As I’m sure you noticed in the summary, one of the most notable things about this adaptation of the classic story is that, here, Jim is a girl – a rather androgynous one who wears her father’s old trousers, but most definitely a girl, not just an adult woman playing a boy. It’s a bold choice that at the time no doubt engendered the scorn of trolls who never heretofore cared about Treasure Island, but it’s nice. As is repeated several times throughout the show, “Girls need adventure too,” but for the most part, Jim’s gender just is, and we get on with the adventure without a lot of commentary. (Note: several of the ship’s crew/pirates are also female, and Dr. Livesey is played by a woman. In the latter case, she appears to be playing the doctor as a man, although nothing is really done to disguise her appearance.)

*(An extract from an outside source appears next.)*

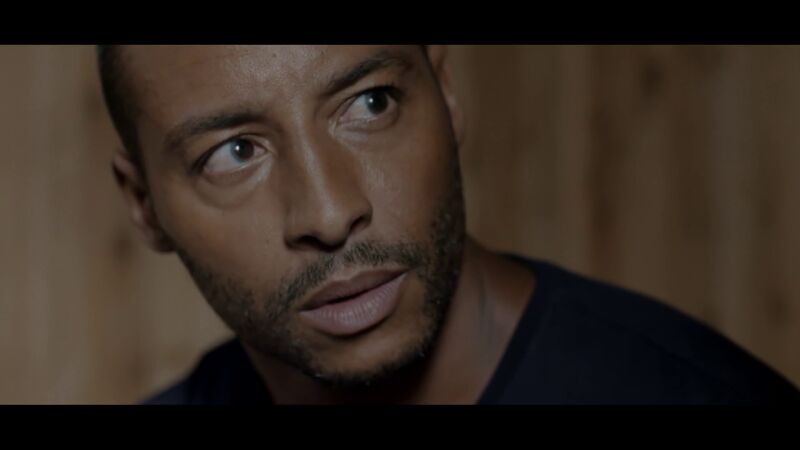 El pasado persigue a seis jóvenes y aparecen muertos por cianuro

Also noteworthy is the set, which is impressive and wonderfully-designed. This is a pull-out-the-stops production with giant moving parts, and the play does a great job making you feel like the stage has become a ship. The island is also really well-rendered, and I love the lighting effects to make the night sky.

Other than the gender-swapping, a lot of this is fairly standard. There are all the hallmarks you remember: the black spot, “15 men on a dead men’s chest,” talking parrots, and so on (the latter appearing to be a puppet here.) It’s not especially remarkable, but it’s a lot of fun. It definitely has the feel of good family fare, and it offers up action and thrills without anything too traumatizing for the kids. And in amongst the swashbuckling is a decent little coming-of-age story for Jim as she satisfies her longing for excitement while also understanding the high stakes that adventuring can have.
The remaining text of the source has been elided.